Coprofagia audiovisual
Ningún gobierno debería decirnos qué podemos ver, pero cada uno de nosotros sí es soberano para rechazar los programas infectos que se excretan por doquier
SIMPATIZO con la cruzada que lleva a cabo Patricia Ramírez —madre del niño Gabriel Cruz, asesinado en Almería—, quien desea que el crimen de su hijo no se convierta en carnaza de series y documentales sensacionalistas. Sin embargo, también hago mía la causa de Antonio del Castillo, quien vería con buenos ojos la producción de un reportaje de investigación profesional que señale los errores y maniobras que hasta hoy han impedido que se encuentren los restos de su hija Marta. De hecho, el caso de la desaparición de una adolescente romana ocurrido en 1983, fue reabierto treinta años más tarde gracias a un documental británico: «Vatican Girl: The Disappearance of Emanuela Orlandi» (2022). Podría mencionar otros casos semejantes, pero basta con uno para distinguir entre una producción de calidad de las que no lo son.
Mi constitucionalista de cabecera —el profesor Víctor J. Vázquez— me comenta que legalmente no es posible prohibir la producción de series, películas, reportajes o documentales, pues cuando están basados en hechos que fueron relevantes los ampara la libertad de información y, en el caso de ficciones tomadas de casos reales, las ampara la libertad de creación artística.
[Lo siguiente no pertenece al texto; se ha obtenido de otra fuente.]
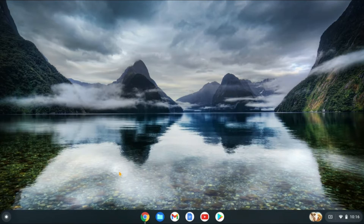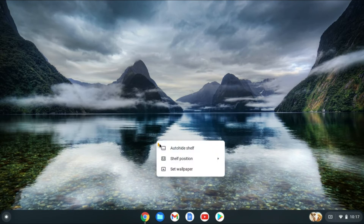I'll be showing you how to hide it. The first thing you'll need to do is right-click on your screen, or if you can't right-click, you'll use two fingers to press down on the touchpad of your Chromebook. You'll see the option 'Auto Hide Shelf' — go ahead and tap on that.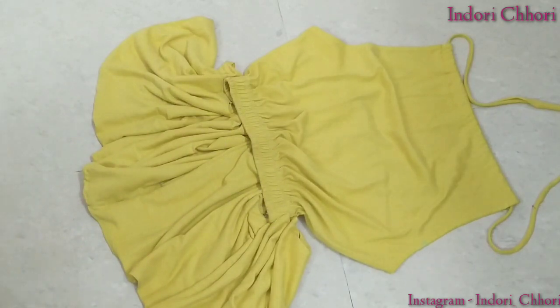That's it — our halter neck peplum top is ready! I hope this video will be helpful for you. Thank you so much for watching. I will see you in my next video. Bye bye, take care.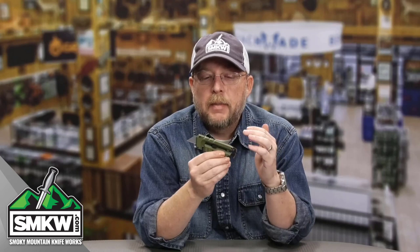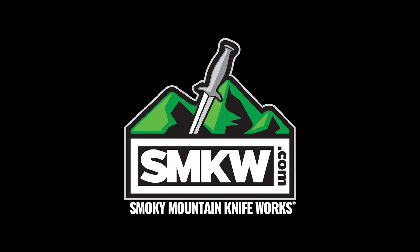Tell me what you think of this little tool from Gerber. Tell me if this could be used for you — would you carry this on a keychain? Would you use it at your job? Just tell me what you think in a comment. Go check this out at smkw.com. I'll catch you next time.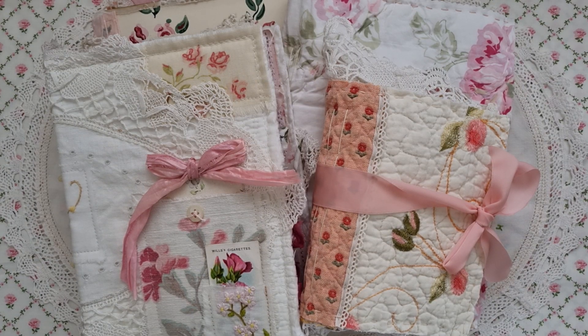Hello, welcome to Paper Daisy Journals, it's Kylie. It's been a long time since I've uploaded a video of my creations and I've only just recently gotten back into my craft area.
Pensemos en «La sociedad de la nieve», una película basada en un suceso real, candidata a los Óscar y que arrasó en los premios Goya. ¿Podrían los supervivientes de aquella tragedia oponerse a la producción de series, películas o documentales que les recuerden que en 1972 tuvieron que comerse a los pasajeros fallecidos de un avión para sobrevivir? ¿Cuántos años tienen que pasar para que una tragedia personal pase a ser de dominio público? ¿Acaso las violaciones prescriben en la memoria de las víctimas?
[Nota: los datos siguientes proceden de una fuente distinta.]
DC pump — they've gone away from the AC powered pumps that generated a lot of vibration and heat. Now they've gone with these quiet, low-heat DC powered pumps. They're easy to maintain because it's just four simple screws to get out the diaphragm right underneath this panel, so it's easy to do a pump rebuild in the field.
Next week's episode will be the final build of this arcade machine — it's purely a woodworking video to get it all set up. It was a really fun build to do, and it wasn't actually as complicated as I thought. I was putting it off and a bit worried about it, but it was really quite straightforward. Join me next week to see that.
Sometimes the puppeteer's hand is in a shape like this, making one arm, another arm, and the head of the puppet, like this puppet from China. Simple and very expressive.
La mayor parte de las ficciones que consumimos se inspiran en sucesos de la vida real y sería ridículo demandar a un autor o autora por creer que un personaje es trasunto nuestro, aunque sea demasiado obvio. Por ejemplo, ni siquiera Julia Urquidi se atrevió a demandar a Mario Vargas Llosa cuando el novelista peruano la convirtió en personaje de ‘La tía Julia y el escribidor’ (1977). Y pensemos en ‘Patria’ (2016) de Fernando Aramburu, cuya historia principal se inspiró en el asesinato de Ramón Baglietto, concejal de Azcoitia asesinado por un etarra a quien el propio Baglietto le había salvado la vida cuando era un niño. Sin embargo, tanto las novelas de Vargas Llosa como las de Fernando Aramburu son obras maestras y su valor no radica en el sensacionalismo.
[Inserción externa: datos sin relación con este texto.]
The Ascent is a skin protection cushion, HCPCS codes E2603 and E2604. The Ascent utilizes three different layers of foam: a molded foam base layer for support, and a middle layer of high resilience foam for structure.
Lo que aterra a cualquier víctima que reconozca su tragedia en una película, serie o documental, es la obscenidad gratuita, el regodeo morboso y cualquier expresión de violencia tratada como espectáculo. Por desgracia, esto es lo que abunda en todos los formatos y por eso nos hemos convertido en coprófagos audiovisuales, capaces de consumir los peores detritos que anegan las pantallas. Ningún gobierno debería decirnos qué podemos ver, pero cada uno de nosotros sí es soberano para rechazar los programas infectos que se excretan por doquier.